Hong Li a, Paul S Miller b, Michael M Seidman a
PMCID: PMC2603134  NIHMSID: NIHMS66766  PMID: 18972052

Summary

Triplex forming oligonucleotides (TFOs) containing the nucleoside analogues 2′-O-Methyl-5-propynyluridine (1) and 2′-O-Methyl-5-(3-amino-1-propynyl)uridine (2) were synthesized. The affinity and selectivity of triplex formation by these TFOs were studied by gel shift analysis, Tm value measurement, and association rate assays. The results show that the introduction of 1 and 2 into TFOs can improve the stability of the triplexes under physiological conditions. Optimized distribution of 1 or 2 in the TFOs combined with a cluster of contiguous nucleosides with 2′-aminoethoxy sugars resulted in formation of triplexes with further enhanced stability and improved selectivity.

Introduction

A DNA triple helix can form when a third strand binds in the major groove of an intact polypurine:polypyrimidine duplex.1,2 The structure is stabilized by Hoogsteen hydrogen bonds between the third strand bases and the duplex purines. These interactions are sequence specific and a triplex binding code has been elaborated.3 The third strand may consist of purines or pyrimidines, depending on the target sequence.
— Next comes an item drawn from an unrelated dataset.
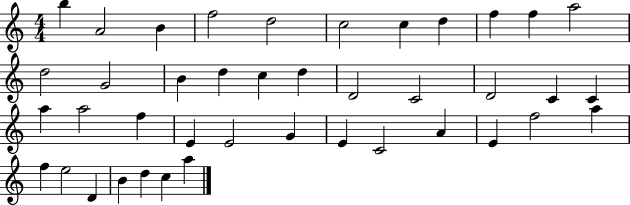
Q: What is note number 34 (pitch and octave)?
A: A5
The absence of a requirement for a protein or enzyme cofactor, coupled with the sequence stringency, support the long standing view that triple helix forming oligonucleotides (TFOs) have the potential to become effective gene targeting reagents in living cells.4,5

There are, however, a number of impediments to the activity of TFOs against polypurine:polypyrimidine targets in vivo. These include the instability of triplexes with pyrimidine third strands at physiological pH due to the requirement for cytosine protonation, the repulsion between third strand and duplex phosphates, and the conformational restrictions on both third strand and duplex (reviewed in 4,6). Although these are significant challenges, base and sugar analogues have been described that provide promising solutions to these problems.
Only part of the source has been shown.